What happened: 36Kr reports that RJ Scaringe, founder of Rivian, started an industrial-focused robotics company called Mind Robotics in 2025 and that it recently raised a $500 million Series A round, following a reported $115 million seed round in late 2025.
Why it matters: The story is a reminder that “embodied intelligence” only becomes real when it is forced through manufacturing constraints, where wire harnesses bend, parts shift, and the edge cases are the job, not a rounding error in a demo.
Wider context: The piece argues that factories have a different operating design domain than homes and suggests that humanoid robots add unnecessary complexity for industrial deployment, while hands, perception, and fine control are the true bottlenecks.

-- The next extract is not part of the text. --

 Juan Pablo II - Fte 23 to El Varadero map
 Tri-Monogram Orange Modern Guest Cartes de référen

Background: 36Kr frames the company as emerging from production ramp pain points (comparing Rivian’s ramp to Tesla’s Model 3 era) and says Mind Robotics aims to build a full platform combining real-world data, hardware robustness, and deployment infrastructure.
Mind Robotics, Founded by Rivan's Founder, Raises $500M Aiming at Physical AGI — 36Kr
Droid Brief Take: Nothing scares the humanoid hype machine like a factory manager asking, “Cool, but can it handle a floppy wire harness, all day, without an engineer babysitting it?” This is the kind of anti-glamour filter robotics desperately needs.
Key Takeaways:
- Big early raise: The article says Mind Robotics raised $500 million in Series A, co-led by Accel and Andreessen Horowitz, and previously raised a reported $115 million seed round, reaching an approximately $2 billion valuation.

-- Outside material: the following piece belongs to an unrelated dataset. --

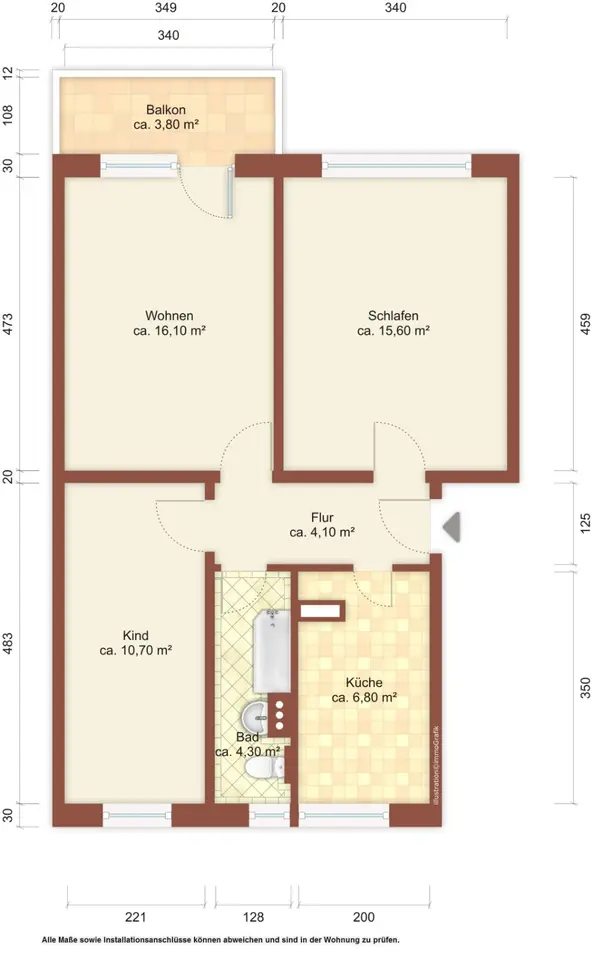 3 Zimmer Wohnung mit 60 m² in Löbau – Bild 5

- Hands over cosplay: RJ Scaringe is quoted as emphasizing hands as crucial for industrial manufacturing, describing end-effectors needing perception models and fine adjustment along axes, with broader system work focused on positioning and control.
- Factory edge cases: The piece highlights variability like wire harness shapes and shifting components, arguing that in factories these are normal conditions that traditional industrial robots and rigid assumptions struggle with.
- Humanoids not required: 36Kr reports Scaringe’s view that factory environments should minimize complexity, failure modes, and power use, making humanoid form factors unnecessary compared with purpose-built systems for the industrial ODD.